Irp2-/- mice were systematically analyzed at the German Mouse Clinic. Besides microcytic anemia and adult onset of neurodegenerative disease, the Irp2 deficient mice developed diabetes. This was not caused by impaired peripheral and hepatic insulin action, but primarily related to impaired ß-cell function. Examination of the insulin secretion demonstrate, that glucose-stimulated secretion was attenuated in the Irp2 knock-out mice and the proinsulin accumulated in the ß-cells. The scientists found out, that loss of Irp2 caused cellular iron deficiency in ß cells by dysregulating the iron-uptake protein transferrin receptor 1 (TfR1) and iron storage protein ferritin. Iron supplementation of Irp2-/- mice normalized insulin and proinsulin content in vivo. Further investigations revealed that the loss of iron in the cells impaired Fe–S cluster biosynthesis, thus reducing the function of Cdkal1, a Fe–S cluster enzyme that catalyzes a critical step in the translation process. As a consequence, proinsulin translation was impaired, reducing insulin content and secretion in Irp2−/− β cells.

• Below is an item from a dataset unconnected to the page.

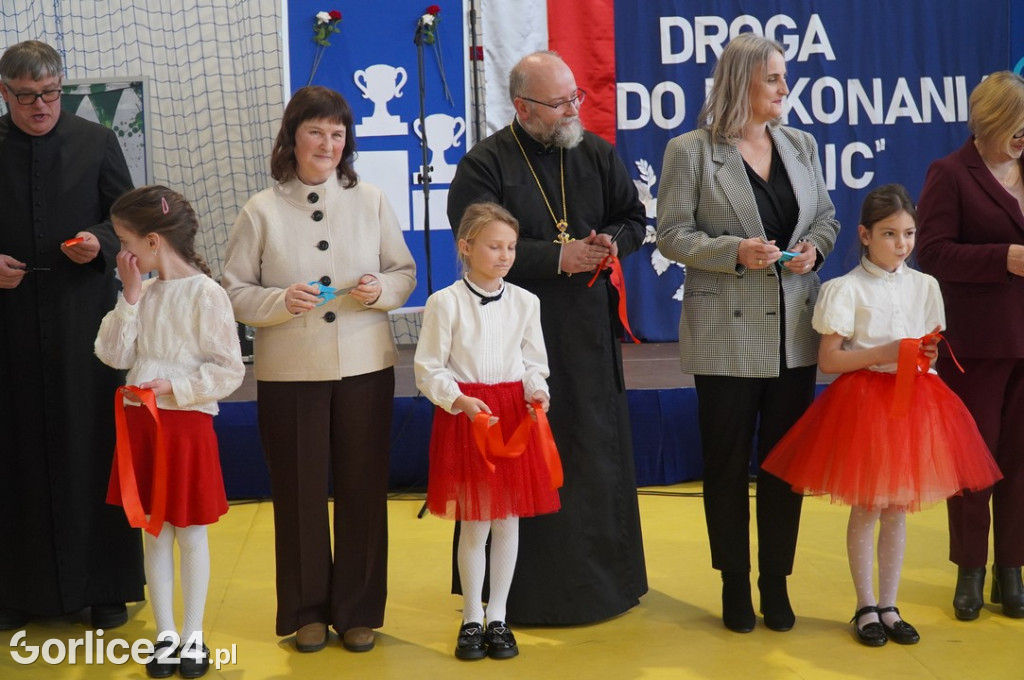 Uroczyste otwarcie hali w Łosiu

These findings point to a previously unidentified link between insulin processing and cellular iron deficiency that may have relevance to type 2 diabetes in humans. Further investigations of the role of iron deficiency in the pathogenesis of diabetes will shed light on this new connection.

Literature:

Irp2 regulates insulin production through iron-mediated Cdkal1-catalyzed tRNA modification.

by Santos MCFD, Anderson CP, Neschen S, Zumbrennen-Bullough KB, Romney SJ, Kahle-Stephan M, Rathkolb B, Gailus-Durner V, Fuchs H, Wolf E, Rozman J, de Angelis MH, Cai WM, Rajan M, Hu J, Dedon PC, Leibold EA.

Nat Commun. 2020 Jan 15;11(1):296. doi: 10.1038/s41467-019-14004-5.